Inbox: Is Detroit being conservative with prospects?
Beat reporter Jason Beck answers fans' questions
Do you believe that after all the years of Dave Dombrowski stripping the farm system that the Tigers have become ultraconservative when it comes to trading prospects for proven Major League players (such as the coup the White Sox just pulled off to get Todd Frazier)?
-- Roger I., Flushing, Mich.
I do think the Tigers are trying to hold on to more of their prospects, especially pitchers, not just for future seasons but for depth and options right now. One of the most amazing facets of the Tigers' rotation during Detroit's run of division titles was health, highlighted by just six starters used in 2013. Injuries finally caught up with them over the past couple of years, and they were struggling to fill slots with pitchers who could give them a reasonable chance to win. Add in the idea of a pitching prospect or two (like Michael Fulmer) working into the bullpen mix sooner than later, and there's a reasoning behind the Tigers balking at giving up higher-rated prospects.
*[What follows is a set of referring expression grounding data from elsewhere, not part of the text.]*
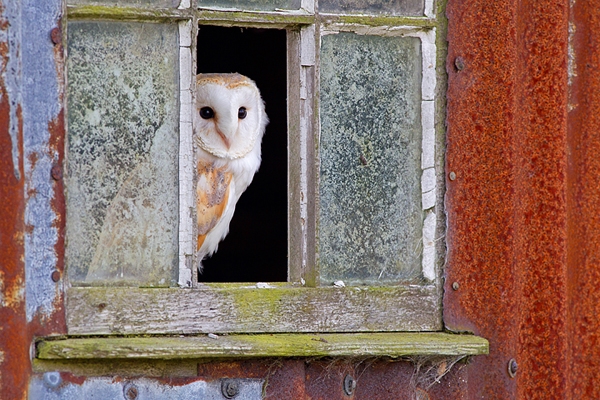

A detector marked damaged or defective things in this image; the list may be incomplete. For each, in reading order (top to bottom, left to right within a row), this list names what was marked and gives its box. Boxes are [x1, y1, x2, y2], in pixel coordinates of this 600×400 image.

white peeling paint [178, 20, 195, 288]
orange rust patch [199, 160, 232, 250]
rusty metal panel [446, 0, 568, 396]
rust stain [448, 0, 568, 396]
corrugated rusted surface [446, 0, 576, 398]
corrugated rusted surface [564, 0, 600, 396]
rusty metal panel [568, 0, 600, 396]
rust stain [568, 0, 600, 396]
What will the Tigers do since the rival White Sox got Frazier?
-- Andrew B., Grand Blanc, Mich.
They'll find a different way to pitch him compared with last June in Cincinnati, I would imagine. But they're not going to try to one-up the White Sox with a bigger move, if that's what you're asking.
Are the Tigers serious about contending again in 2016? Competition has really grown, so our Tigers must respond with a big signing to send a message.
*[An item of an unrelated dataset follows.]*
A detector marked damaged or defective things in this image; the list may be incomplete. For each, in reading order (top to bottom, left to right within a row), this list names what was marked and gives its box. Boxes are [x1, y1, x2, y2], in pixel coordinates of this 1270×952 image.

-- Darryl Z., Marana, Ariz.
See previous answer. The problem with making a big signing to "send a message" is that the contract lasts far longer than the message. A lot of bad deals have come out of that thought process, and a lot of teams that won the Hot Stove League in recent offseasons ended up not winning anything come the regular season (White Sox, Red Sox and Padres last year, to name a few). If a big deal fits a need as part of a plan -- such as the Tigers with Jordan Zimmermann, or the Red Sox with David Price, or even Prince Fielder to Detroit a few years ago to fill Victor Martinez's void -- that's one thing. But making a big deal for the sake of making a big deal often doesn't work out.
Do you see the Tigers looking to audition a few NRIs to compete with Tyler Collins in left field and for the last spot on the bench (right-handed-hitting corner outfielder)? With spots on the Major League roster up for grabs, does that help the Tigers attract those types of guys?
-- Charles W., Raleigh, NSW, Australia
If the Tigers stick to the line of not chasing the top end of the free-agent outfield market, a non-roster invite or two could be an alternative. It's not just the top-ranked free-agent outfielders whose markets aren't moving right now, even after Jason Heyward signed with the Cubs. A slew of lower-tier outfielders are still out there, and while the Tigers might have a hard time guaranteeing a spot, they could take a chance with a Minor League deal in January or February and let somebody on the comeback trail compete for a role.